そこで今回、レッチリをこよなく愛するYouTuberみのと、[Alexandros]の元ドラマーで現在はスタイリスト、音楽プロデューサー、ライターとして幅広く活動している庄村聡泰に、レッチリの魅力やライブの見どころなどたっぷりと語り合ってもらった。
ヒレル・スロヴァクからジョシュ、ジョン・フルシアンテまで
強烈な歴代メンバーをみの&庄村聡泰が語る
――お二人は、どんなきっかけでレッチリと出会ったんですか?
みの:初めて知ったのは 15、6歳の頃、ちょうど『バイ・ザ・ウェイ』(2002)がリリースされた時でした。ただ、そこからさかのぼっていって『母乳』(1989)と『ブラッド・シュガー・セックス・マジック』(1991)こそが至高、みたいな感じでした。
世の中的にはやっぱり、ジョン・フルシアンテが最初に復帰した『カリフォルニケイション』(1999)が人気じゃないですか。イントロやヴァースがヘヴィなミクスチャーサウンドでも、サビはポップみたいな路線に馴染むまでちょっと時間がかかりましたね。思春期を過ぎてからかな、良さがわかるようになったのは。

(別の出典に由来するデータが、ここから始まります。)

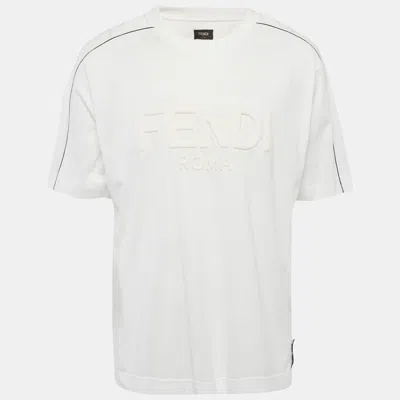 Pre-owned Fendi Roma White Jersey Embossed Logo T-shirt Xl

庄村:俺は、高一か高二くらいで洋楽に興味が出てきて、友達にバーっと借りたアルバムの中に『ワン・ホット・ミニット』(1995)が入っていたんです。そこから入ったので俺も結構特殊で、長らくデイヴ・ナヴァロ派だったんですよ(笑)。このアルバムにはフリーがベースの弾き語りを披露した「ピー」という曲も入っていて、4人が好き勝手やっててちょっと喧嘩腰で(笑)、その危うい感じも好きでしたね。当時の俺は軽音部に所属していて、みんなこぞって「エアロプレイン」のベースを弾きたがってた。そんなこともあって、一番思い入れのあるアルバムです。
――お二人にとってレッチリの魅力はどんなところにありますか?
みの:やっぱり、楽器を弾く人たちからの支持が熱いバンドというイメージですよね。特にベースとギターが人気なのかな。
庄村:ドラマーにもファンは多いよ。いわゆる「一打入魂」系の人は、大抵チャド・スミスが好き。アレキ([Alexandros])の今のドラマー、リアド偉武もチャド大好きだからね。セッティングも一時期真似していたくらいだし(笑)。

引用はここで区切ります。